Let us be thankful for small mercies as we contemplate our post-election shambles and try to find a way to run our country without a clear mandate from the electorate.
In a way, simple decisions should guide us through the first murky weeks.
Before the final count was in, the incumbent Liberal Party was forecast the winner in the race for seats – but only just. It would be by too small a margin to guarantee the Liberals’ ability to govern without help from other MPs.
Liberal Prime Minister Justin Trudeau is well aware he must find ways to survive the trench warfare western parliaments face in a minority situation; so was another young politician, a federal election rookie new to his leadership role of the New Democratic Party.
His name is Jagmeet Singh. After a slow start, he soon commanded attention with meticulously argued policies delivered without rhetorical “to the barricades” bravado.
And, he was on target once a Liberal victory was assured recognizing the need for his party’s life-sustaining assistance any time a serious vote is called in the House of Commons.
Jagmeet Singh and the NDP have a few ideas. They know the Liberals favour a national Pharmacare program, a national affordable housing program, and half a dozen other “people programs” as part of their undertakings on the hustings.

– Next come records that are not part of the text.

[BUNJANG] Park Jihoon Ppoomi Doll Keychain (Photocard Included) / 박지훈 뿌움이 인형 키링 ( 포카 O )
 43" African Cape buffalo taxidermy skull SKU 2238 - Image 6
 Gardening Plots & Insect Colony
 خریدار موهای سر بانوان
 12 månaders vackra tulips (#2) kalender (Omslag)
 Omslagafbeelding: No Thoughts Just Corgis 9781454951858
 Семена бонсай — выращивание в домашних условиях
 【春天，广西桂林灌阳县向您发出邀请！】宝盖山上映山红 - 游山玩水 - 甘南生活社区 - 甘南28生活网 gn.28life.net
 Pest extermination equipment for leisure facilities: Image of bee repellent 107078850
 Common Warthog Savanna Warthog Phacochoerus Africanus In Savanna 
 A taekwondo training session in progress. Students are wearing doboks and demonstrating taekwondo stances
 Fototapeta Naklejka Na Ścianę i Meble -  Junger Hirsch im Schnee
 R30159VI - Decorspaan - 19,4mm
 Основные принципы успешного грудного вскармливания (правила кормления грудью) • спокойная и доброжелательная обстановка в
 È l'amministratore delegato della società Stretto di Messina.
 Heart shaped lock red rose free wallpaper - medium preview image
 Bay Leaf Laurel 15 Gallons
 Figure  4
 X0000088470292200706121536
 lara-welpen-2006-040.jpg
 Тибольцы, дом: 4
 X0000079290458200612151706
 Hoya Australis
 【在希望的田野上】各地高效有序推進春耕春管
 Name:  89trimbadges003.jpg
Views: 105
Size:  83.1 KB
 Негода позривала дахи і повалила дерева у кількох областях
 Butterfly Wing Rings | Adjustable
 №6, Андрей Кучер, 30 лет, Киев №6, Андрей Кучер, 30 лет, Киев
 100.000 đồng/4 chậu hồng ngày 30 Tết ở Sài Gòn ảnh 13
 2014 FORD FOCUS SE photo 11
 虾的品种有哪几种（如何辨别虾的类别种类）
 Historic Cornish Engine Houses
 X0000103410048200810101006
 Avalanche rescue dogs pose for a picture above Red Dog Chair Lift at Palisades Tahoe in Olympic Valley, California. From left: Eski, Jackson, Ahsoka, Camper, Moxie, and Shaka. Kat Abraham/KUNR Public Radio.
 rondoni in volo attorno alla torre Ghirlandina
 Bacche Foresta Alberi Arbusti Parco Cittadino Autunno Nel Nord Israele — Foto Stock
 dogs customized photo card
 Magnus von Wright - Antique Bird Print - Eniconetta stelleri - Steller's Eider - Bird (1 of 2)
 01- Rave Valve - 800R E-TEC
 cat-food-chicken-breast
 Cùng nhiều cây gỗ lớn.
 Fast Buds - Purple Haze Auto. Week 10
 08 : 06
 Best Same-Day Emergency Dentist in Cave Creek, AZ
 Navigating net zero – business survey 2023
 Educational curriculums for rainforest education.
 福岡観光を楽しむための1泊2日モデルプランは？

Singh didn’t attack the Liberal promises or suggest they were stolen. He said he felt there was much support for such programs, and that he and the PM could talk about NDP support to enable a minority government to bring overdue programs to the people.
Whether the Liberals accept the NDP support and live long and prosper remains to be seen, but it would not be precedent setting. CCF/NDP leader Tommy Douglas and Liberal PM Lester B. Pearson worked hard to make health care a national priority.
There is no reason why the new kids on the block can’t match that success with Pharmacare and affordable housing. It’s the way a democracy should work, but rarely does because blind loyalty to party or personal aggrandizement conquers reason.
Shakespeare once defined a politician as “one that would circumvent God,” and in our time of watching the political wheel turn, the great wordsmith has proved himself right.
It will not be as easy to bring “reason” to the debate with Alberta and Saskatchewan, two provinces with legitimate claims that they have been poorly treated by Ottawa. But, solution is possible if both sides can shelve whatever “leverage” they might have in favour of mutual advantage.
Hope springs eternal. I’m hoping the arrival of Jagmeet Singh – ready to listen and articulate support for what he and his party believe – is good for the nation and will lead us into better parliamentary times.
I’ll give way again to Shakespeare with a final line from Hamlet: “We know what we are, but know not what we may be.” But we should never stop hoping that what we may be will be better than what we are.